Office national des recherches scientifiques et industrielles et des inventions © Fonds historique/colorisée pour Armand Colin/CNRS Images

L’air respiré, un objet de recherche stimulant

Au printemps 2020, en quelques semaines, la pandémie de Covid-19 a fait prendre la mesure aux sociétés du monde entier de la dimension profondément politique d’un phénomène physiologique indispensable à la vie : la respiration. Échanges d’air réalisés par un individu avec son environnement, la respiration place le corps biologique en interaction permanente avec le corps social. Aux discours savants des chimistes, des hygiénistes et des médecins se sont articulés ceux des industriels, des politiques et des populations pour définir la respiration sur la longue durée. Envisager la respiration comme objet historique permet d’articuler plusieurs champs, de l’histoire sociale de la santé à l’histoire des sciences, des techniques et de l’environnement et de faire dialoguer l’histoire avec les autres sciences humaines et sociales, ainsi qu’avec d’autres disciplines et pratiques professionnelles : arts plastiques, architecture, musique, pneumologie, réanimation. 
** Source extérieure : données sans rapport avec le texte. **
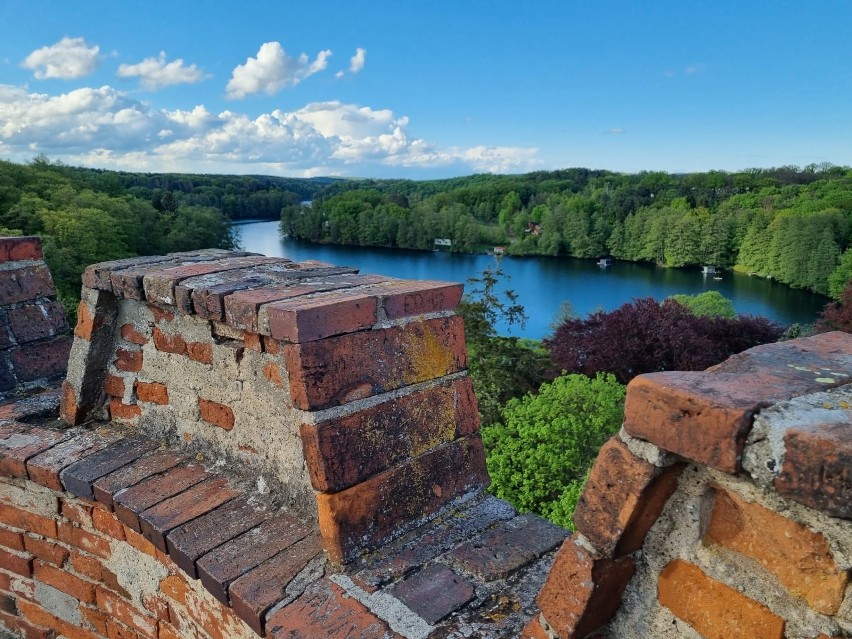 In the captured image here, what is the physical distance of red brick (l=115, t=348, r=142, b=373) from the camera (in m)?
2.41

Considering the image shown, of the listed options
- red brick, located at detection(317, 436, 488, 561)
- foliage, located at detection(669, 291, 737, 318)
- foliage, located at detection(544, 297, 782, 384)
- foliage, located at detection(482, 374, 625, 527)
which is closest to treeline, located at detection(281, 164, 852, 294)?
foliage, located at detection(669, 291, 737, 318)

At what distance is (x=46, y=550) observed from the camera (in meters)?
2.40

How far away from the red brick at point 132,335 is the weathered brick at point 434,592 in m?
1.44

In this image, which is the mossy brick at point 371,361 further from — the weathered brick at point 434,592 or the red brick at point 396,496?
the weathered brick at point 434,592

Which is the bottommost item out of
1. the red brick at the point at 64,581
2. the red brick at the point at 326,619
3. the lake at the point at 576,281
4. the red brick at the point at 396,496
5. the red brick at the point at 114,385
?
the lake at the point at 576,281

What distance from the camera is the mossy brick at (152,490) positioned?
2.02m

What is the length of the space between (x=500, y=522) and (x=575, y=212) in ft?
211

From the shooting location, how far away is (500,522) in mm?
1940

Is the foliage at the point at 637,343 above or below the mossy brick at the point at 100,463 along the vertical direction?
below

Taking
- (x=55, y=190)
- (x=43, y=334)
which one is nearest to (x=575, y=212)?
(x=55, y=190)

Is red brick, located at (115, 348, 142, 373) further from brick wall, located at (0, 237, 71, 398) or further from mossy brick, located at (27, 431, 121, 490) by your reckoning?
brick wall, located at (0, 237, 71, 398)

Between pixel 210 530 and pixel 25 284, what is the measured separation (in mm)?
1861

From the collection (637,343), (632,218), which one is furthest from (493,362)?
(632,218)

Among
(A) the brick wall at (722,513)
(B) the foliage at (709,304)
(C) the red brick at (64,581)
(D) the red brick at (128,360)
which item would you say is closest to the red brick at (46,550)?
(C) the red brick at (64,581) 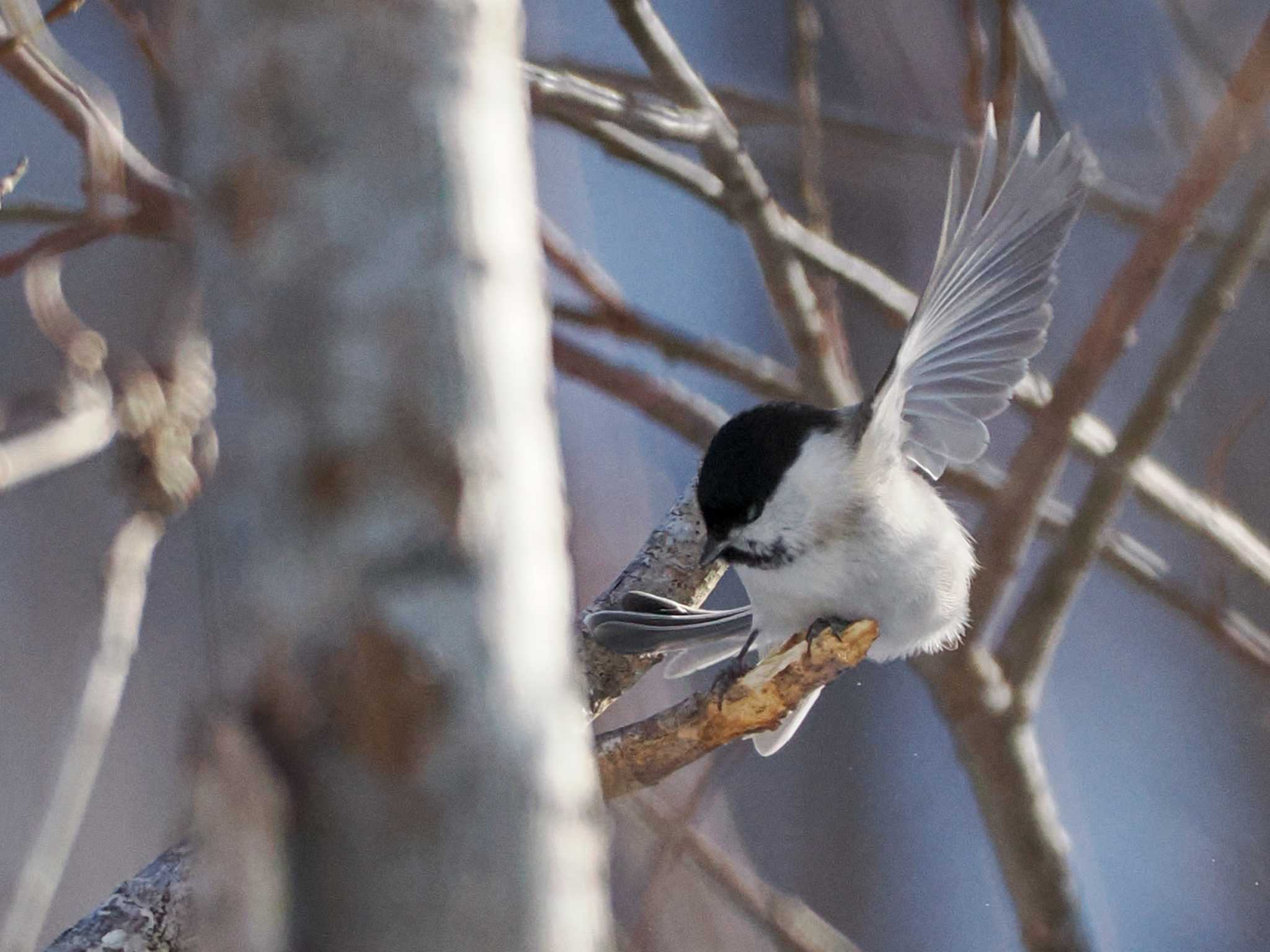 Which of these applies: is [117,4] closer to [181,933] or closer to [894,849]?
[181,933]

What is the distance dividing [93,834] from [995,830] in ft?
4.74

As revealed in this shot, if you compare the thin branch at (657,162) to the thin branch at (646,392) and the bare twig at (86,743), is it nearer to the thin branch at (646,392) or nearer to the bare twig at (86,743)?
the thin branch at (646,392)

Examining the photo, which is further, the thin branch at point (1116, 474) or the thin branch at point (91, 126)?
the thin branch at point (1116, 474)

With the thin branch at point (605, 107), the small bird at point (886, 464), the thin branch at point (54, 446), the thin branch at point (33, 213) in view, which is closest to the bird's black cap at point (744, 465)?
the small bird at point (886, 464)

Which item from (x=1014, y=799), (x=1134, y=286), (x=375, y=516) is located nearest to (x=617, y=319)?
(x=1134, y=286)

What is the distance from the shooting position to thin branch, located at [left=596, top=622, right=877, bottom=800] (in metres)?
0.92

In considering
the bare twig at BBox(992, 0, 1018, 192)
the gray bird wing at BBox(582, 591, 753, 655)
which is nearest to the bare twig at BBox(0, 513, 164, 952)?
the gray bird wing at BBox(582, 591, 753, 655)

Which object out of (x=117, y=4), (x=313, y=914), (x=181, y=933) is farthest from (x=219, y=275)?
(x=117, y=4)

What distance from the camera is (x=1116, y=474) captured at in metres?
1.29

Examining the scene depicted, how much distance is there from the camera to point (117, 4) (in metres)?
1.16

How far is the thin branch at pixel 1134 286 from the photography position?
1.17 metres

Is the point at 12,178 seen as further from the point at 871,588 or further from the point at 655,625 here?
the point at 871,588

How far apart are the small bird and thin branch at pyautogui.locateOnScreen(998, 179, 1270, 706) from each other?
0.75 feet

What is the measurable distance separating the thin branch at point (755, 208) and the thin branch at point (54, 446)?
63 cm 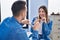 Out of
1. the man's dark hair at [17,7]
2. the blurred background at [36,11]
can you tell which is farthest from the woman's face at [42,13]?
the man's dark hair at [17,7]

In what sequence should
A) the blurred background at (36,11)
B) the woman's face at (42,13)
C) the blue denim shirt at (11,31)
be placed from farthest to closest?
the blurred background at (36,11) → the woman's face at (42,13) → the blue denim shirt at (11,31)

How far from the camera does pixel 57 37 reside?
4.45 meters

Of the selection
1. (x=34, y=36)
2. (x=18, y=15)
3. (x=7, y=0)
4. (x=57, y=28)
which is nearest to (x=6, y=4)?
(x=7, y=0)

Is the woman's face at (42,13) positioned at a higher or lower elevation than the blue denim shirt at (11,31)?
higher

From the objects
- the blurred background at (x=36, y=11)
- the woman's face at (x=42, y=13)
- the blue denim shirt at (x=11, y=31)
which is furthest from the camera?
the blurred background at (x=36, y=11)

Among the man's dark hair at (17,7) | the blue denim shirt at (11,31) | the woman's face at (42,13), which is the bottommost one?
the blue denim shirt at (11,31)

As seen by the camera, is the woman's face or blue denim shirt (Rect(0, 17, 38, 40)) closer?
blue denim shirt (Rect(0, 17, 38, 40))

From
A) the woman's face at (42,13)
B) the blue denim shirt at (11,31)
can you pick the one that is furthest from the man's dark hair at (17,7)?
the woman's face at (42,13)

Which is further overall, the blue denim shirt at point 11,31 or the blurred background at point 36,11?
the blurred background at point 36,11

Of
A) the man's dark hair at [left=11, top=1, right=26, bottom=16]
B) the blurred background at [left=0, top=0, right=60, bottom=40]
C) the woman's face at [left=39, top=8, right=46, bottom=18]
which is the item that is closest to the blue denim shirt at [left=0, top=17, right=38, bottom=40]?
the man's dark hair at [left=11, top=1, right=26, bottom=16]

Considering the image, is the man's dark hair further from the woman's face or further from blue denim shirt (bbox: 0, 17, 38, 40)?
the woman's face

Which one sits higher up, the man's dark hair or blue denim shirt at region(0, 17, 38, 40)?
the man's dark hair

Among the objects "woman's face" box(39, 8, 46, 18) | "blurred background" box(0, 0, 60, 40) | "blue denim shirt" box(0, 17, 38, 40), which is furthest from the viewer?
"blurred background" box(0, 0, 60, 40)

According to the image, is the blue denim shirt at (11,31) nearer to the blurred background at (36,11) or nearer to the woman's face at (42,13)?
the woman's face at (42,13) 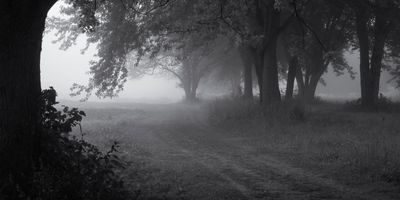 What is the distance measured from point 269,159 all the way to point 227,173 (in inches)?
87.3

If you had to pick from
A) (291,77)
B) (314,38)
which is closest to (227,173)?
(291,77)

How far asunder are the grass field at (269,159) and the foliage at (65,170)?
697 mm

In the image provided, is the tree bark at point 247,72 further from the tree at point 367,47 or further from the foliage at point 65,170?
the foliage at point 65,170

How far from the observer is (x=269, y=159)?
12.1 metres

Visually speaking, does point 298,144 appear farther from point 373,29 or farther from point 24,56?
point 373,29

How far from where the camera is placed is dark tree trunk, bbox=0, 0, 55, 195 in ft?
22.5

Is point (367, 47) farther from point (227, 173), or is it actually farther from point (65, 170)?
point (65, 170)

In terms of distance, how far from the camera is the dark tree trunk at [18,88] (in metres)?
6.86

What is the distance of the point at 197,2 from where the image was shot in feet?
68.8

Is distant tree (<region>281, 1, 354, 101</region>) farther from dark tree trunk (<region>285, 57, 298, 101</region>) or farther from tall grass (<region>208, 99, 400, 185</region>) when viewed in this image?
tall grass (<region>208, 99, 400, 185</region>)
La Chaire Santé-SHS de l’Université Paris 1 Panthéon-Sorbonne, le Centre d’histoire sociale des mondes contemporains (CHS, UMR8058, CNRS / Université Paris 1 Panthéon-Sorbonne) et le Centre Alexandre-Koyré (CAK, UMR8560, CNRS / EHESS / MNHN) ont organisé en 2024 deux journées d’études (Respirer, I et II) destinées à faire dialoguer ces regards disciplinaires et ces horizons professionnels. Une première journée (24 janvier 2024) a ouvert la réflexion sur la notion de respiration dans le temps long (xviiie-xxie siècle) et ses implications en termes de construction des savoirs et de transformations sociales. La seconde journée (28 mai 2024) a envisagé de manière plus spécifique la question des dispositifs respiratoires articulée à celle des espaces, dont la qualité et le renouvellement de l’air sont pensés et discutés par les sphères savantes et par les sociétés qui les occupent.

A man and wife and their two children and dog climbing up a grassy knoll as exercise in the fresh air.
Colour lithograph by Hulls. Source: Wellcome Collection

Ces questionnements sont au cœur des recherches menées au sein de la Chaire Santé-SHS de l’université Paris 1 Panthéon-Sorbonne, qui interroge les rapports entre les toxiques et les sociétés qu’ils habitent, les modes de perception, les savoirs scientifiques, les dispositifs de prévention et la gouvernance des risques impliquant l’usage de substances toxiques dans les sociétés industrielles1.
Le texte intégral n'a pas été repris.